Marina Benjamin: "Zwischenzeiten. Vom Verstehen der Wechseljahre"
Übersetzt aus dem Englischen von Sabine Längsfeld
Arche/ Zürich-Hamburg 2020
288 Seiten, 22 Euro
Es gibt nichts zu verstecken!
06:49 Minuten
Marina Benjamin und Sheila de Liz haben Bücher über die Wechseljahre geschrieben. Beide fallen sehr unterschiedlich aus.
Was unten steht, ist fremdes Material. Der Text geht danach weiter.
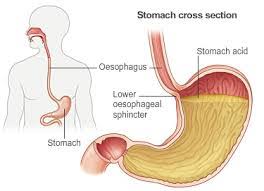 Anant Wellness Care | Gas & Indigestion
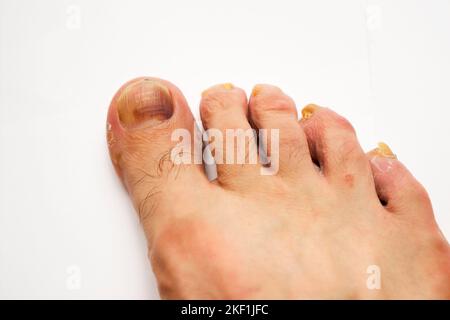 Primo piano fungo sulle unghie del piede di un uomo su uno sfondo bianco Foto Stock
Spannend, informativ und wichtig sind sie beide - und eins davon ist sogar schon ein Bestseller.
Marina Benjamin und Sheila de Liz heißen die Autorinnen. Die eine ist Schriftstellerin, die andere Gynäkologin. Beide wollen Leerstellen füllen. Frauen, die sich in der Mitte ihres Lebens mit Hitzewallungen, Gewichtszunahme, Stimmungsschwankungen, Schlaflosigkeit, Wortfindungsstörungen, Scheidentrockenheit, Inkontinenz und Hauterschlaffung konfrontiert sehen, sollen verstehen, was mit ihnen passiert.
Sie sollen mündig werden. Ihren Körper nicht länger verstecken und lernen, was für ein Leben sie nach dem Ende der Fruchtbarkeit erwartet.
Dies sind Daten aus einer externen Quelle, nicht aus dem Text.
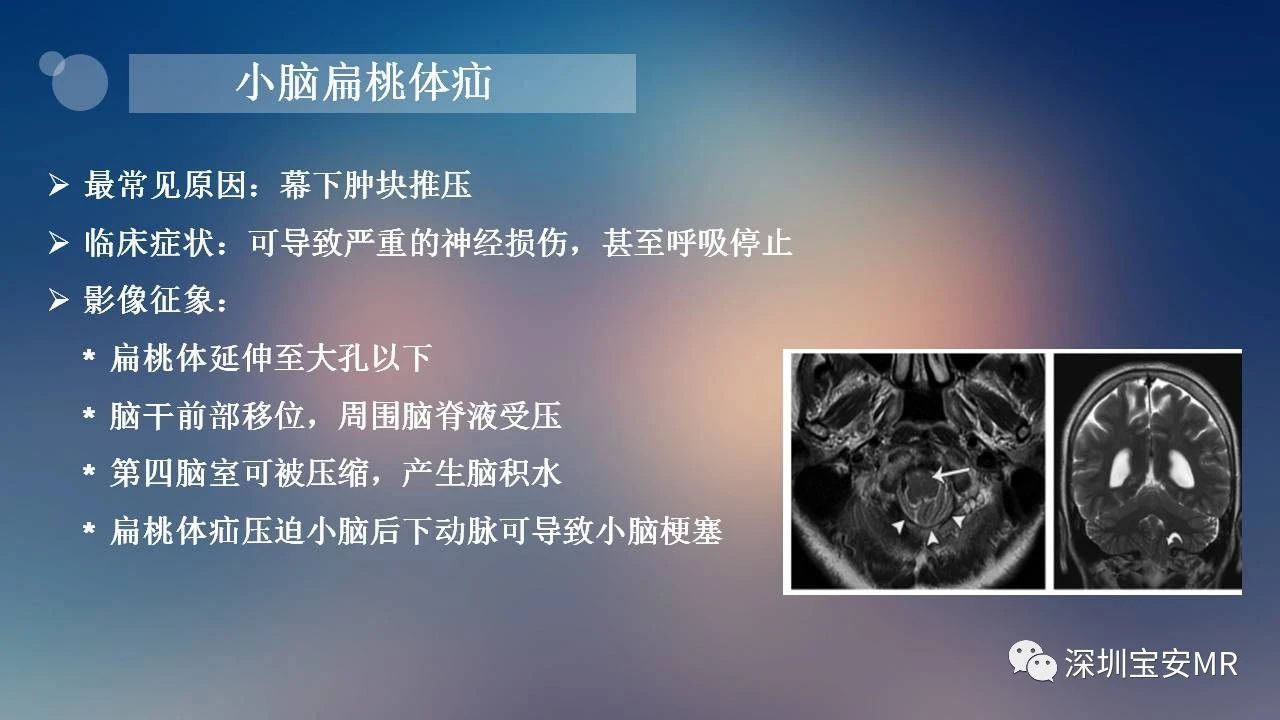 7455a83f46ddaf9201a4c4a4733babd4.jpg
Benjamin erzählt ihre eigene Geschichte
Die Britin Marina Benjamin erzählt ihre eigene Geschichte, davon wie es sich anfühlte, als sie nach einer Hysterektomie, einer Entfernung der Gebärmutter und der Eierstöcke, von jetzt auf sofort in hohem Bogen in die Perimenopause katapultiert wurde.
Einem Schock gleich erzählt sie von Verlust, Trauer und Angst. "Das Älterwerden", schreibt die heute 56-jährige, "trifft uns wie eine Schlag in die Magengrube und krempelt uns vollkommen um."
Protokoll des Innenlebens
Benjamin erstellt dazu ein Protokoll ihres Innenlebens. Aber sie will auch Kompass sein und die Lücke schließen: Ihr selbst fehlten die schriftlichen Berichte darüber, wie es sich anfühlt in der Lebensmitte anzukommen. Einzige Zeuginnen sind ihr Simone de Beauvoir, die französische Autorin Colette und die amerikanische Medizinerin Christiane Northrup. An sie will die Engländerin anknüpfen und sich an ihnen abarbeiten.
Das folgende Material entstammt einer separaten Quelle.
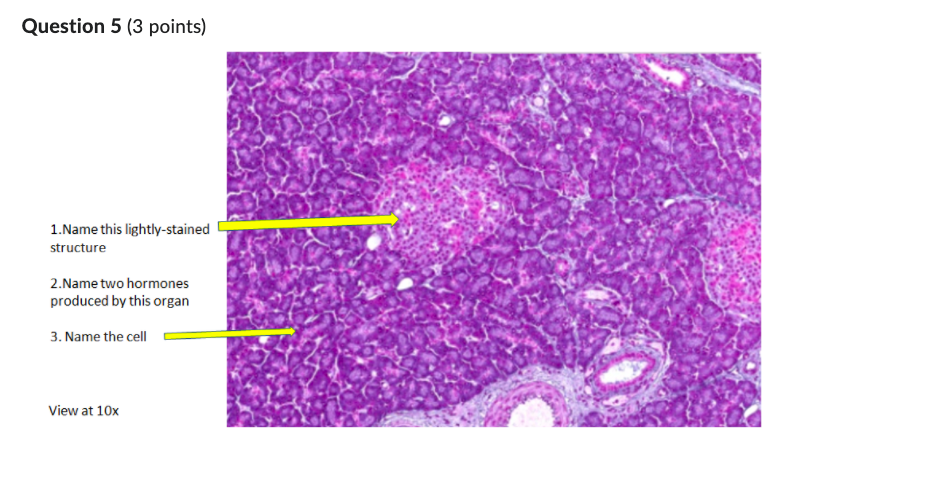 Solved Question 5 (3 points) 1.Name this lightly-stained | Chegg.com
Vor allem an Dr. Northrup, deren radikale Ermunterung, dass Frauen nach der Menopause ihr Leben mit neuer Energie und Klarsicht gestalten sollen, missfällt ihr: zu viele Verallgemeinerungen, zu viel Aufwiegelei. Und so wählt Benjamin den entgegengesetzten Weg.
Verlust und Abschied
Gekonnt mäandert sie durch ihre eigene Gefühlswelt, in der Verlust und Abschied vorherrschen. Zurückgeworfen auf den eigenen körperlichen Verfall, erzählt sie vom Tod des Vaters, dem der besten Freundin, aber auch davon, wie gekonnt ihre über 80-jährige Mutter das Leben meistert und wie ihre pubertierende Tochter dem Leben munter entgegenspringt. Immer mit der Frage verbunden: Wo stehe ich?
Vermengt ist diese berührende Innenschau mit großem Sachwissen. Gynäkologisches und kulturhistorisches Wissen, Exkurse in die Medizingeschichte der Hormonersatztherapie und Theorien des Scientific Management, wonach Jugend und Produktivität im Gegensatz zu nachlassender Effizienz in der Lebensmitte stehen, all das fließt in den Text wunderbar stimmig ein.
Herausgekommen ist ein kluges, ein wichtiges Buch – und dennoch eins, das eine Art innerlich-reife Abkehr zelebriert, an deren Ende die weise ältere Frau steht.
Vaginale Gesundheitsvorsorge auf dem Stand der 50er
Ganz anders Sheila de Liz. Die Gynäkologin gleicht einem Feuerwerk. Dynamisch und wortreich ermutigt sie Frauen, ihren Körper bis ins Kleinste kennen zu lernen. Tabus gibt es keine. Dafür jede Menge an Wissen darüber, was im Frauenkörper, wann und wo passiert. Wofür Östrogen, Progesteron und Testosteron gut sind und wie es sich anfühlt, wenn sich der Hormonhaushalt ändert. Und vor allem, was man tun kann.
"Das Bild von der Perimenopause ist hoffnungslos veraltet", schreibt Sheila de Liz. Passend dazu stehe die vaginale Gesundheitsvorsorge auf dem Stand der 50er-Jahre. So sehen die Frauenärztinnen die durch Östrogenmangel verursachten Veränderungen an der Vagina zwar lange bevor das den Frauen Probleme verursacht. Doch nur die wenigsten klären darüber auf.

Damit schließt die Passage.